The View Concept

The View Concept

Dune is designed to create a common efficient interface for a multitude of different grid packages. There are large differences in how the geometrical and topological information in a grid is created and stored. Common designs are:

  • The elements are created and stored in dynamic memory. Pointers are used to represent elements (e.g. UG)
  • Only a macro-grid is stored like above, elements on refined levels are created when needed and destroyed as soon as possible (e.g. Alberta)
  • All elements are created on-the-fly (e.g. SGrid)

Depending on the problem each of those designs may perform better or worse than the others. Note that a persistent element structure does not generally exist so that references pose a problem. The major idea in the Dune grid-interface is that access to the grid components (entities) is only possible via a view, i.e. the grid returns a datastructure which provides read-only information. To speed up execution even this information is (if possible) only generated on access. Ideally, the constructor of such a view is as lightweight as possible.

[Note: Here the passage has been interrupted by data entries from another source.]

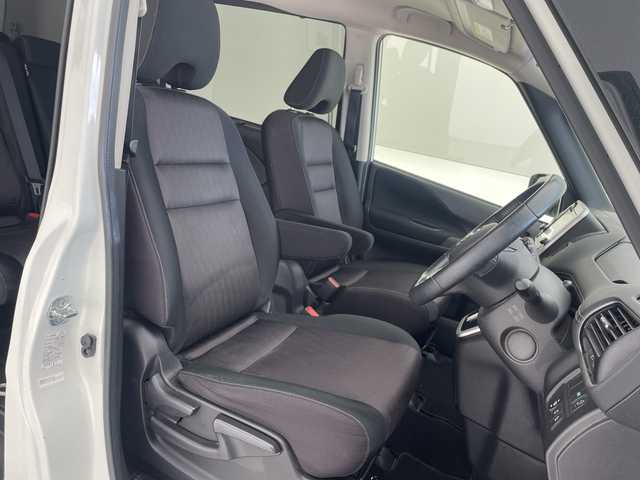 日産 セレナ ハイウェイスター Vセレクション 沖縄県 2017(平29)年 8.9万km ブリリアントホワイトパール 純正９型ナビ【MM517D-L】　/(フルセグTV　ＣＤ　ＤＶＤ　ＢＬＵＥＴＯＯＴＨ)　/衝突軽減装置/横滑り防止装置/盗難防止装置/レーンキープアシスト/全方位カメラ　/バックカメラ/両側パワースライドドア　/ドライブレコーダー　/ＥＴＣ　/前後コーナーセンサー/クルーズコントロール　/純正フロアマット　/プッシュスタート　/スマートキー/純正アルミホイール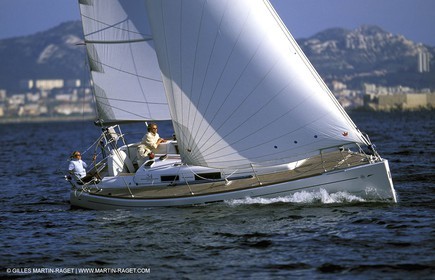 Crusing monohull sailing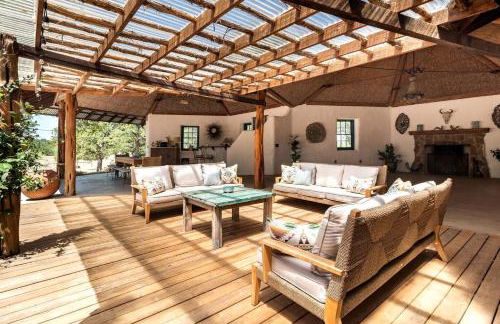 Luxury Airstream Campsite Nestled Beneath Oak Trees Outside of Austin, Texas - Foto 11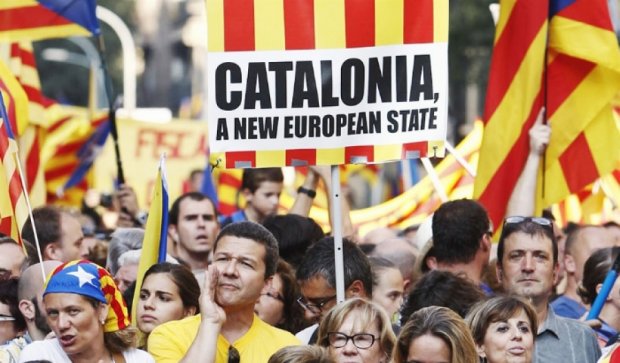 Мадрид подає позов на Каталонію через "незалежність"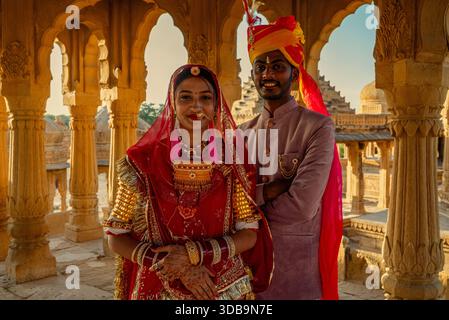 Mariée indienne et mariée en tenue de mariage traditionnelle au palais historique Rajasthani de Bada Bagh, Inde Banque D'Images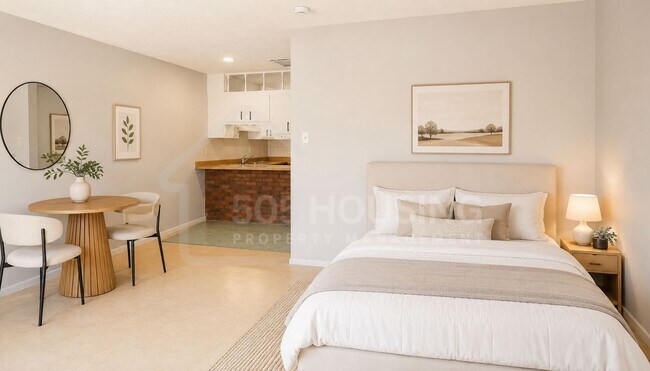Building Photo - Large Move-In Ready Studio Apartment Near Kirtland AFB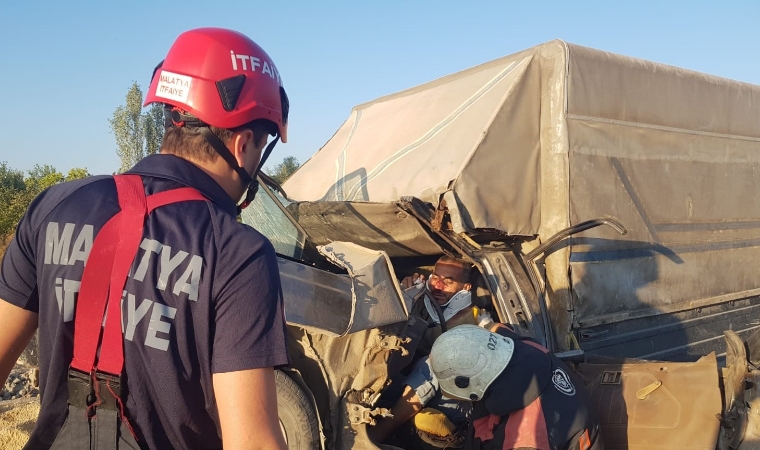 Deprem bölgesi Malatya'da, yol çalışması yapılan bölgeye giren araç devrildi!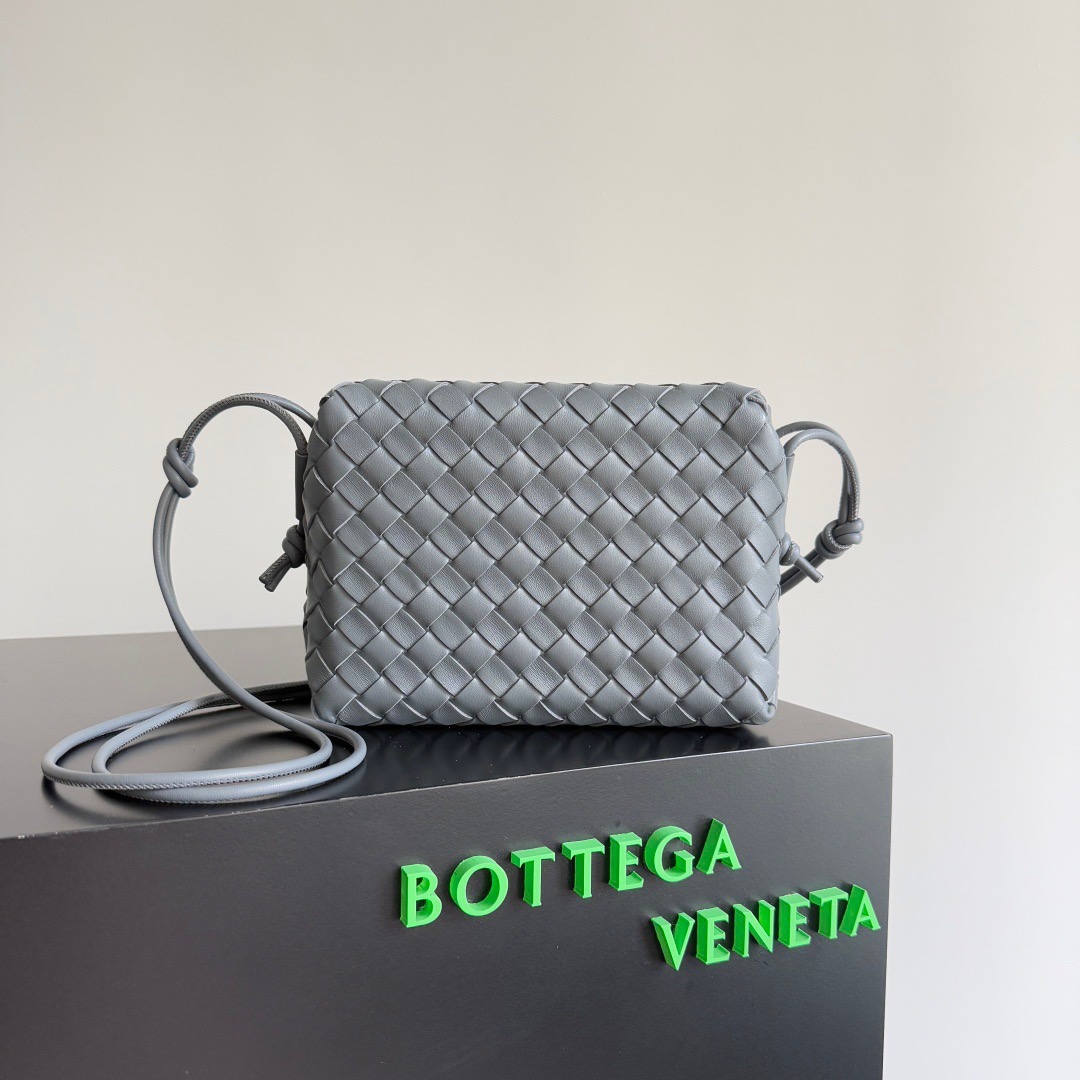 BOTTEGA VENETA 보테가베네타 인트레치아토 루프 카메라백 그레이 1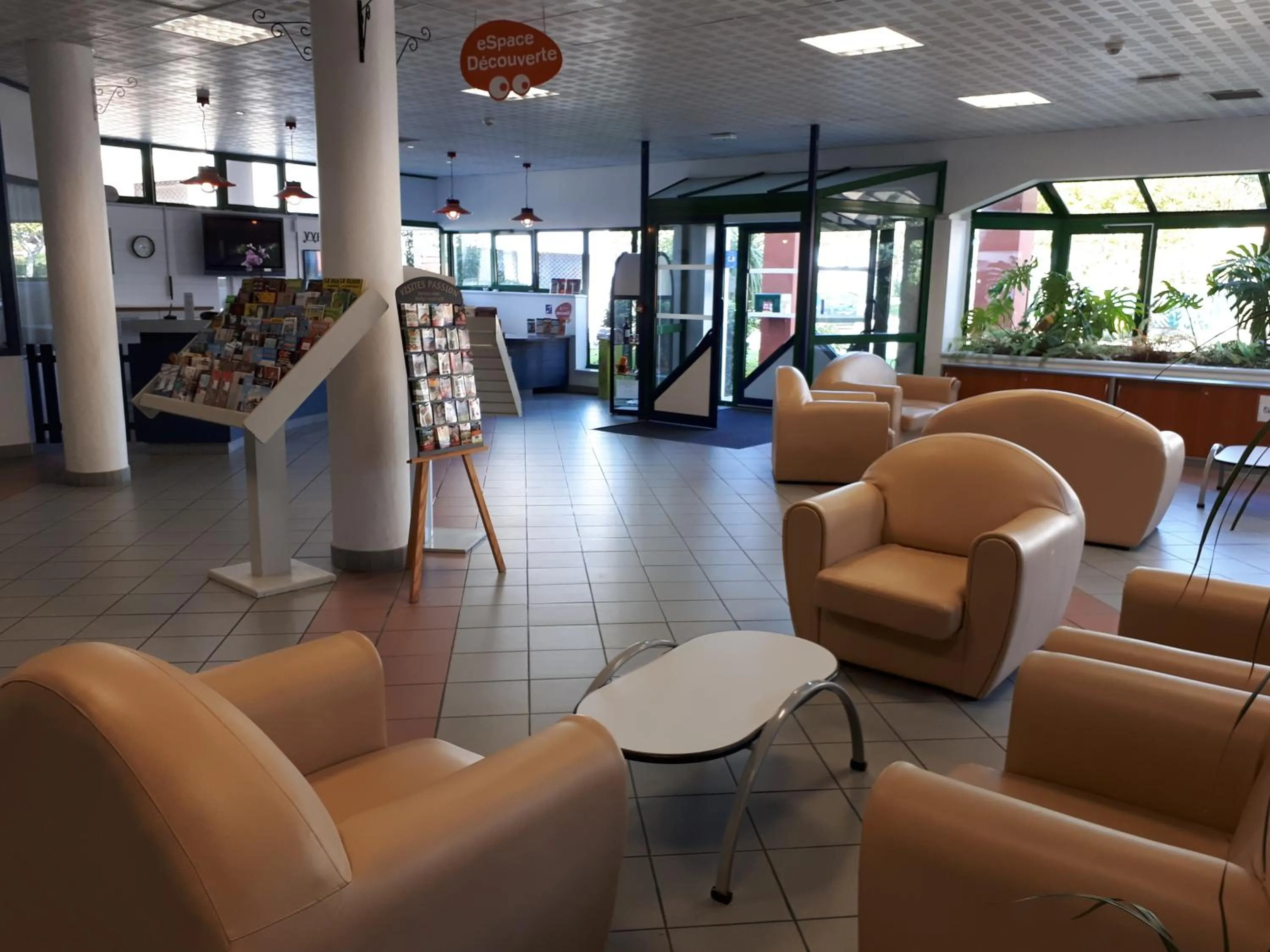 Lobby or reception, Lounge/Bar in Vvf Villages Urrugne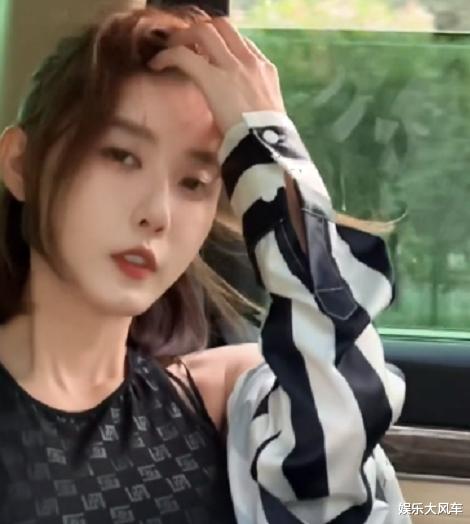 |2141W粉聂小雨露香肩兜风，腰间赘肉明显惹争议，网友：土拨鼠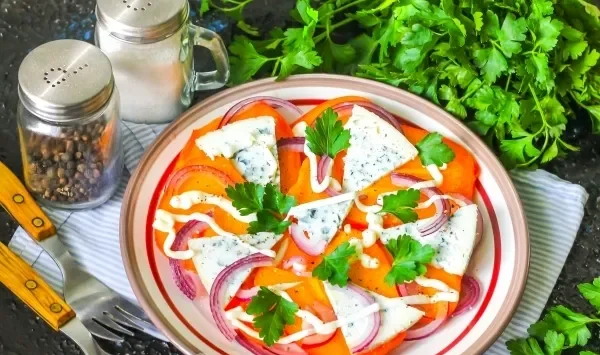 Фото блюда: Салат с хурмой и голубым сыром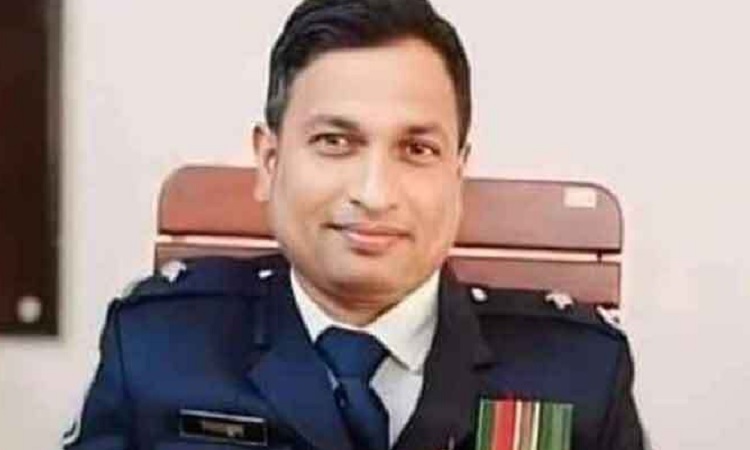 চলন্ত বাসে ডাকাতির ঘটনায় বড়াইগ্রাম থানার ওসিকে প্রত্যাহার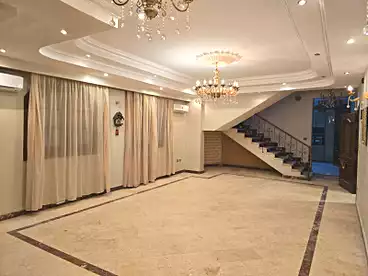 Duplex For rent in Street 16, Third Neighborhood, 250 sqm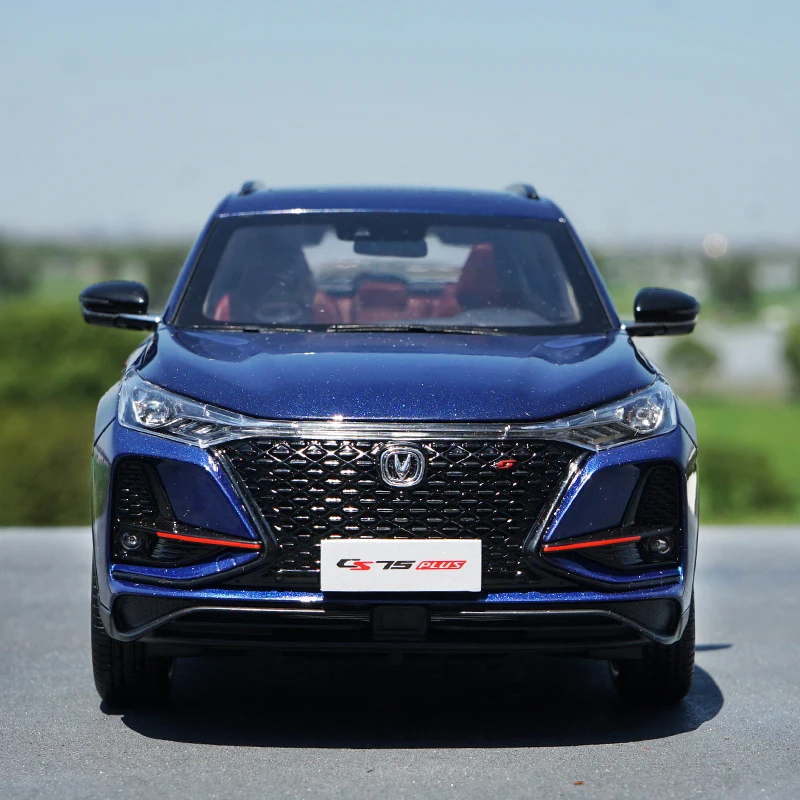 Оригинальная модель автомобиля Changan CS75 PLUS SUV 1:18, модель внедорожника
Оригинальная модель автомобиля Changan CS75 PLUS SUV 1:18, модель внедорожника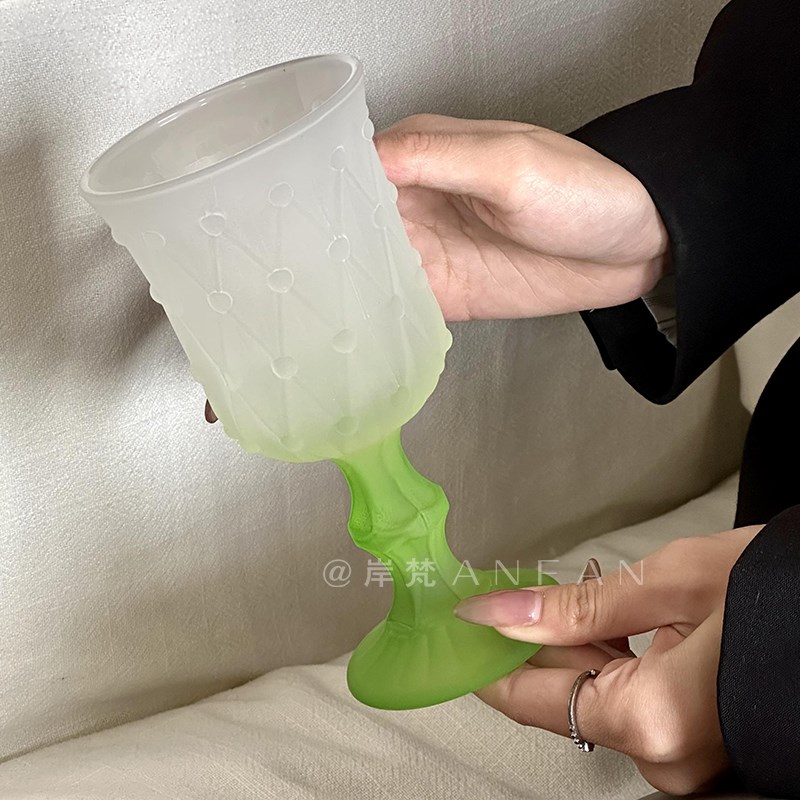 岸梵 氛围感菱格珠点酒杯磨砂质感浮雕香槟洋酒杯渐变绿玻璃杯子
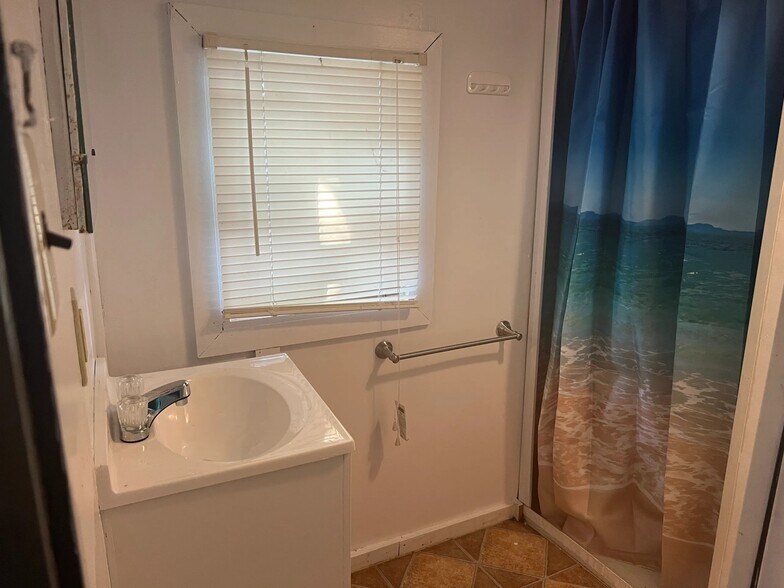 More Photos Of 4945 E Indiana Beach Rd, Monticello Marina For Sale
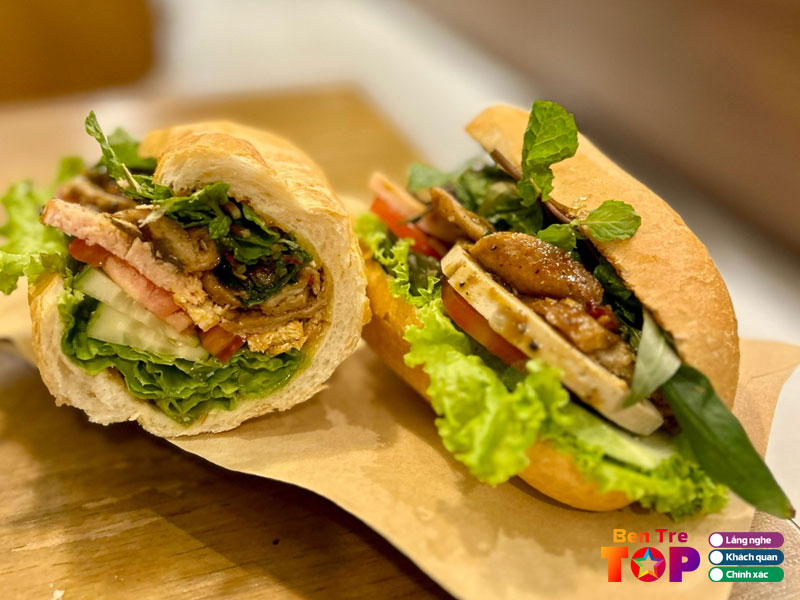 Banh-mi-chay-tam-nguyen-bentretoplist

The Entity is the datastructure a grid implementation offers to grant a view on it’s internal structures. It creates additional e.g. geometrical information upon access and may therefore be rather heavyweight in memory consumption. To avoid consistency problems and possibly expensive memory operations an Entity cannot be copied. The Entity datastructure does only exist inside a grid, access is possible either via a reference or an EntityPointer. As mentioned above the Entity is not necessarily persistent, therefore references to Entities cannot be copied either.

Usually the entities are accessed via iterators offered by the grid.


An EntityPointer is a persistent data structure representing the identity on an Entity and can thus be used to be stored in lists, copied and compared. The grid implementation stores the minimal information in an EntityPointer needed to access or generate an Entity in constant time. Thus, it is assumed to be small in memory. Note though that this is only true as long as dereferenciation is not used.


The grid iterators (LevelIterator, LeafIterator, HierarchicIterator) can be used to traverse a grid and gain a view on all entities. They also represent the identity of the current entity and are therefore subclassed from EntityPointer.

You may notice that the IntersectionIterator is a special case: the intersections it traverses are indeed between two entities. Both can be accessed via the inside and outside methods which return an EntityPointer.